December 6, 2016 / 4:46 AM / 2 years ago

Dalian Wanda executive in charge of relisting plan resigns

HONG KONG (Reuters) - The chief architect behind Dalian Wanda Group’s $4.4 billion buyout to take its flagship Hong Kong-listed property arm private and relist it in China has resigned without seeing the plan through, according to an internal memo.

A sign of Dalian Wanda Group in China glows during an event announcing strategic partnership between Wanda Group and FIFA in Beijing, China March 21, 2016. REUTERS/Damir Sagolj Picture Supplied by Action Images

The resignation of Lu Xiaoma from the post of vice president of Dalian Wanda Financial Group signals the difficulties the conglomerate, owned by China’s richest man, Wang Jianlin, is having listing the property business in China, analysts said.

Wang has yet to find a suitable shell company and gain regulatory approval for the listing of Dalian Wanda Commercial Properties on the Shanghai bourse, where it hoped to attract a valuation much higher than in Hong Kong.

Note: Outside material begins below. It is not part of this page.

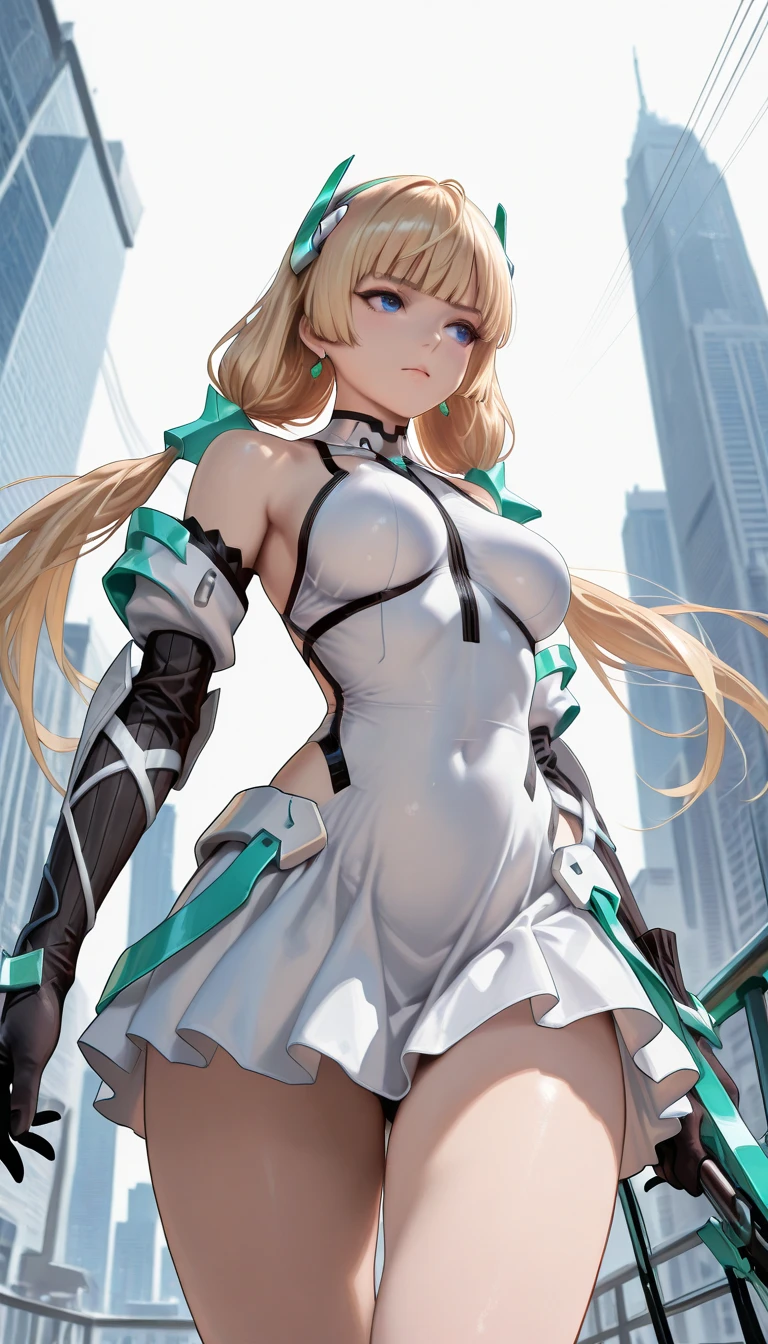 1girl,solo, light smile,huge breasts, deva battle suit,gloves, very long hair,outdoors,
blonde_hair,long hair,hand on own chest, heart-shaped pupils, light smile, headgear,skin tight, low twintails,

“This is not a good time for backdoor listings in China, and Wanda made too much noise about it,” a person close to the company said, requesting anonymity because they were not authorized to speak to the media.

“Policy arbitrage shouldn’t have been the official reason for a delisting.”

The company memo dated Dec. 2 announcing Lu’s departure cited only “personal reasons” for the 50-year-old’s resignation. The memo circulated on social media on Monday and was confirmed by a company insider on Tuesday.

In addition to the post of Dalian Wanda Financial Group, which was set up in October last year, Lu also resigned from the role of chief executive officer of Wanda Investment Co, a unit of the financial group.

Dalian Wanda declined to comment and Lu did not respond to a request for comment.

Insiders have told Reuters that Lu, a former executive of the Shenzhen bourse, was the originator of the idea to delist Wanda Commercial Properties from Hong Kong with the goal of relisting in mainland China.

Wang hand-picked him in an open-hiring process to spearhead the plan.

But the strategy has proven more difficult than expected as China’s securities regulator has increased scrutiny of backdoor listings due to concerns over the huge valuation gap between domestic and overseas stocks, and amid concern over speculation in shell company shares.